# The task
Transcribe all of the data, leaving nothing out and changing nothing.

##### Data for this exercise

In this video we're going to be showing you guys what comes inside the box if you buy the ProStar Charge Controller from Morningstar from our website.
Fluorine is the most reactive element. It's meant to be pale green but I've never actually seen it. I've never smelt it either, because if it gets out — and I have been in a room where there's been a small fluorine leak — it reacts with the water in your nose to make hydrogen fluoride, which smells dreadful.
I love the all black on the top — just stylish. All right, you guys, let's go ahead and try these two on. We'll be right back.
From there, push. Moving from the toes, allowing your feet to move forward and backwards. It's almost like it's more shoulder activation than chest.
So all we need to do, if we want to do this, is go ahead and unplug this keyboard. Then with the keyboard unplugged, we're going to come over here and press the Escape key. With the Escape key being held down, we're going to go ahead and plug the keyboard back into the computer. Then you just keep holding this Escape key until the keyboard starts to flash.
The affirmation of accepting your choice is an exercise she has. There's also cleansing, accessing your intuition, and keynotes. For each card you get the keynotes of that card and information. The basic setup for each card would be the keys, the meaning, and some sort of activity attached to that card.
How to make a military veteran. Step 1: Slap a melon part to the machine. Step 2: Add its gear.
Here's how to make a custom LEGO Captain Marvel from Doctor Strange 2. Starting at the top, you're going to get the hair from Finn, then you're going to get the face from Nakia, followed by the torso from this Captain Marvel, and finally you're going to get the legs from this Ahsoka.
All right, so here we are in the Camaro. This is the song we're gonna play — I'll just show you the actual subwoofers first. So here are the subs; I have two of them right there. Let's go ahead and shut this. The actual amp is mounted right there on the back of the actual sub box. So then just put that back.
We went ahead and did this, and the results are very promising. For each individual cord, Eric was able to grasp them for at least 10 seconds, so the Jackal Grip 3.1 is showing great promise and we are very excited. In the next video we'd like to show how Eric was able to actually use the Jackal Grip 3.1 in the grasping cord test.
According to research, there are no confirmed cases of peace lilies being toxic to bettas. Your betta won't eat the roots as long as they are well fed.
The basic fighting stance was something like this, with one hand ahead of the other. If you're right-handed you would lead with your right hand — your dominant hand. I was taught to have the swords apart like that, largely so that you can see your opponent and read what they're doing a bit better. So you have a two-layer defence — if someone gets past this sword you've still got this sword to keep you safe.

##########

# Task answer
In this video we're going to be showing you guys what comes inside the box if you buy the ProStar Charge Controller from Morningstar from our website.
Fluorine is the most reactive element. It's meant to be pale green but I've never actually seen it. I've never smelt it either, because if it gets out — and I have been in a room where there's been a small fluorine leak — it reacts with the water in your nose to make hydrogen fluoride, which smells dreadful.
I love the all black on the top — just stylish. All right, you guys, let's go ahead and try these two on. We'll be right back.
From there, push. Moving from the toes, allowing your feet to move forward and backwards. It's almost like it's more shoulder activation than chest.
So all we need to do, if we want to do this, is go ahead and unplug this keyboard. Then with the keyboard unplugged, we're going to come over here and press the Escape key. With the Escape key being held down, we're going to go ahead and plug the keyboard back into the computer. Then you just keep holding this Escape key until the keyboard starts to flash.
The affirmation of accepting your choice is an exercise she has. There's also cleansing, accessing your intuition, and keynotes. For each card you get the keynotes of that card and information. The basic setup for each card would be the keys, the meaning, and some sort of activity attached to that card.
How to make a military veteran. Step 1: Slap a melon part to the machine. Step 2: Add its gear.
Here's how to make a custom LEGO Captain Marvel from Doctor Strange 2. Starting at the top, you're going to get the hair from Finn, then you're going to get the face from Nakia, followed by the torso from this Captain Marvel, and finally you're going to get the legs from this Ahsoka.
All right, so here we are in the Camaro. This is the song we're gonna play — I'll just show you the actual subwoofers first. So here are the subs; I have two of them right there. Let's go ahead and shut this. The actual amp is mounted right there on the back of the actual sub box. So then just put that back.
We went ahead and did this, and the results are very promising. For each individual cord, Eric was able to grasp them for at least 10 seconds, so the Jackal Grip 3.1 is showing great promise and we are very excited. In the next video we'd like to show how Eric was able to actually use the Jackal Grip 3.1 in the grasping cord test.
According to research, there are no confirmed cases of peace lilies being toxic to bettas. Your betta won't eat the roots as long as they are well fed.
The basic fighting stance was something like this, with one hand ahead of the other. If you're right-handed you would lead with your right hand — your dominant hand. I was taught to have the swords apart like that, largely so that you can see your opponent and read what they're doing a bit better. So you have a two-layer defence — if someone gets past this sword you've still got this sword to keep you safe.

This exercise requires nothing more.